Cairo: Stung by a court ruling dissolving their five-month-old parliament, Egypt’s Islamists are throwing their weight behind Mohammad Mursi, the Muslim Brotherhood’s presidential candidate. Mursi is fighting in the Saturday-Sunday runoffs against Ahmad Shafiq, the last premier in the deposed regime of Hosni Mubarak.

Egypt’s highest court on Thursday also ruled that Shafiq is legal to stand after declaring as unconstitutional a law barring Mubarak-era officials from running for public office.

“The 51 million Egyptians who have the right to vote will protest (keeping Shafiq in the race) at the ballot box,” said Essam Al Erian, a Brotherhood official and a lawmaker in the disbanded legislature. “I’m sure the Egyptians will support the candidate of the revolution whom Mubarak detained at the climax of the revolution,” he told Gulf News.

The Brotherhood, who controlled nearly half of the seats in the parliament, portrays Mursi, a conservative Islamist, as a symbol of the popular revolt that toppled Mubarak in February last year.

However, Shafiq, an ex-army general, has accused on several occasions this group, banned and oppressed under Mubarak, of seeking to establish a theology in Egypt and pursuing discrimination against the Christian minority.

Following an emergency meeting late Thursday on the rulings given by the Supreme Constitutional Court, the Brotherhood said it respects the verdicts. “The ruling means that the Exclusion Law (the ban on Mubarak-era official) is flawed,” said the group’s secretary general Mahmoud Hussain. “But it does not mean the people will vote for Shafiq. On the contrary, they will exclude him from the political life through the ballot box.” He said that his group does not plan mass protests against the court decisions.

Salafists or ultra-conservative Muslims, who held 26 per cent of the parliamentary seats, were quick to voice anger at the rulings and renew support for Mursi.

“These (court) decisions have disappointed the Egyptians who elected the parliament, which was the first since the revolution,” said Ahmad Khalil, an MP for the Salafist Nour Party. “I expect laws hostile to the revolution to be passed in the absence of the parliament. Now it is the duty of all Egyptians to prevent this by voting for Dr Mursi.”

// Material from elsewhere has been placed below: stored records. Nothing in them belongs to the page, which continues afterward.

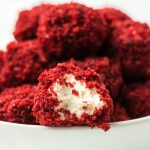 red velvet cheesecake balls with a bite taken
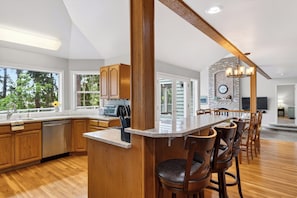 Una cocina moderna con armarios de madera, una isla grande y un comedor con taburetes de bar.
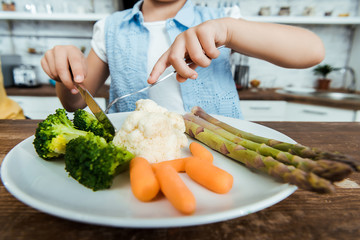 cropped shot of child holding fork with knife and eating healthy vegetables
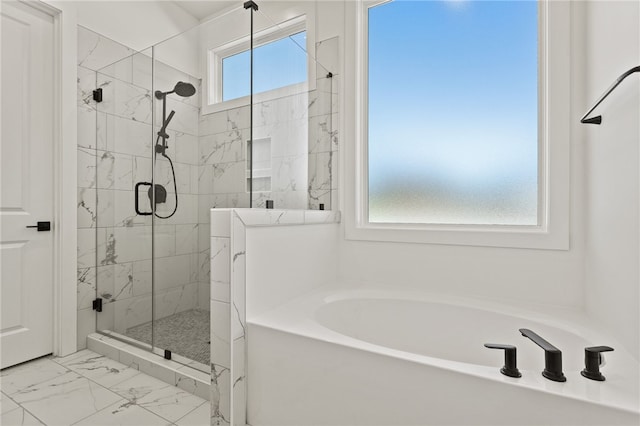 bathroom featuring separate shower and tub
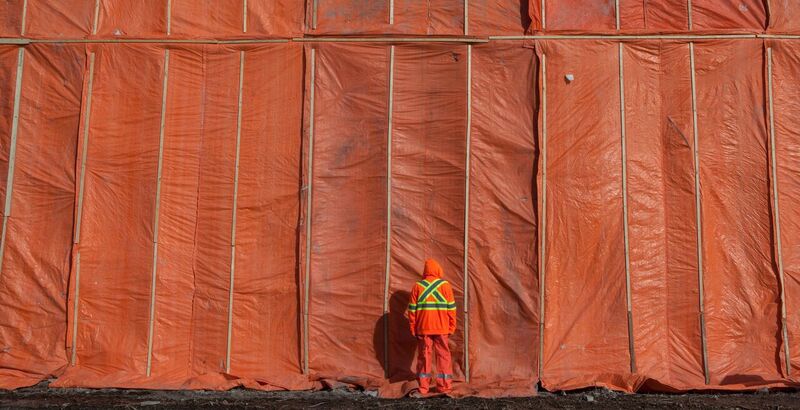 Rebecca Belmore's artist (no. 2), a photo of a man in orange clothes in front of an orange wall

Likewise, the Jamaa Islami (an ultra-conservative Islamist group) yesteriday urged Egyptians to vote en masse for Mursi “to ensure he will score a landslide that will abort any attempt for vote fraud”.

“Everyone should use peaceful ways to stop attempts to hijack the revolution and avoid violence that can thrust the country into a dark tunnel,” added the group in a statement.

Shafiq’s opponents see him as a Mubarak’s loyalist and will revive oppressive methods of the former regime if he becomes president.

The military generals, who have been governing Egypt since Mubarak’s ouster, will have the legislative power until a new parliament is elected. No date has been set for the polls, according to legal experts.

The military previously pledged to hand over power to an elected civilian administration by the end of June, which seems unlikely now, they said.

“The Muslim Brotherhood is to blame for all of this,” said MP Khaled Shaaban from the liberal Egyptian Party. “The group was obsessed with monopolising the political scene in Egypt,” he added.

A rise of Islamists in post-Mubarak Egypt has triggered fears among Christians and secularists about possible curbs on freedoms.